Mo'Nique's performance is unnerving and pungent. Mary has no visible maternal feelings for Precious, viewing her daughter primarily as the messenger of welfare checks, preparer of food, and receiving end for aggression.
It is not hard to see how Precious came to her benumbed state. Still, it is hard to watch. Sullen, pitiless, and opportunistic, Mary views Precious' pregnancy as a shot at a bigger welfare check.
The pregnancy, her second, gets Precious expelled from ninth grade. The pregnancy is also instrumental in Precious' finding her voice, her life, and love for children. Because it leads to a steadfast teacher and a stalwart social worker entering Precious' life, teenage pregnancy turns out to be a good thing.
At the alternative school, Each One Teach One, Precious enrolls in the class of Ms. Rain (Paula Patton), the Fairy Godmother who gets the urban Cinderella up from domestic slavery by teaching her to read and write, the keys to freedom.
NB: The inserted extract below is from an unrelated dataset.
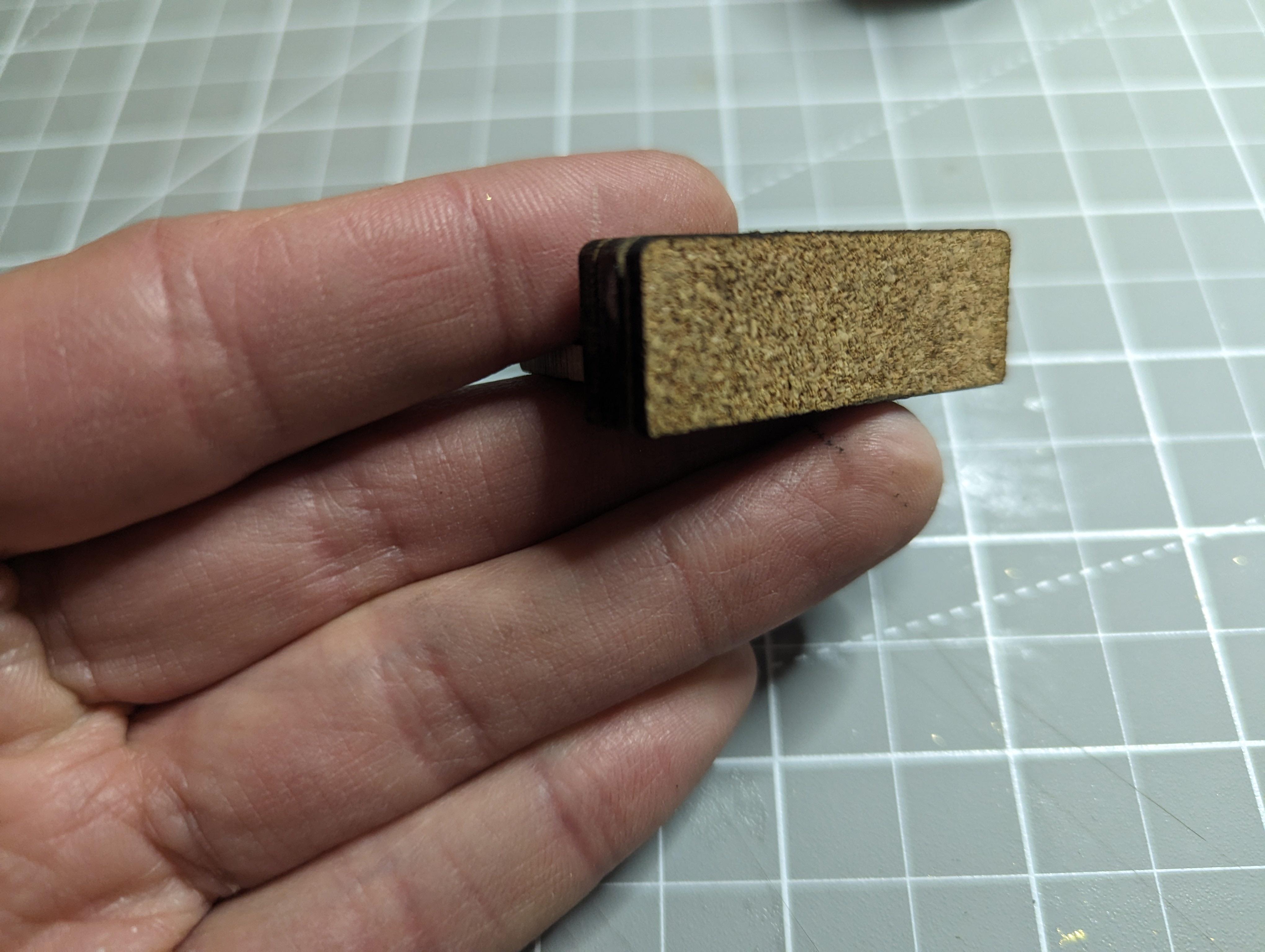 Cork backing to limit magnet, strength and protect gold leaf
But it is a social worker, Ms. Weiss (Mariah Carey, careworn and almost unrecognizable), who facilitates the film's emotional catharsis. By making Mary face Precious and use words instead of fists, Ms. Weiss helps Precious get beyond her abusive past.
Daniels and screenwriter Geoffrey Fletcher structure the narrative in terms of gestation and delivery. In other words, Precious gives birth to both baby and baby self. But the implicit moral, that it takes a village to raise a child to raise her children, feels manufactured.
The searing performances from Mo'Nique and Sidibe suggest another interpretation: that it takes real empathy to create such portraits of resignation and hope.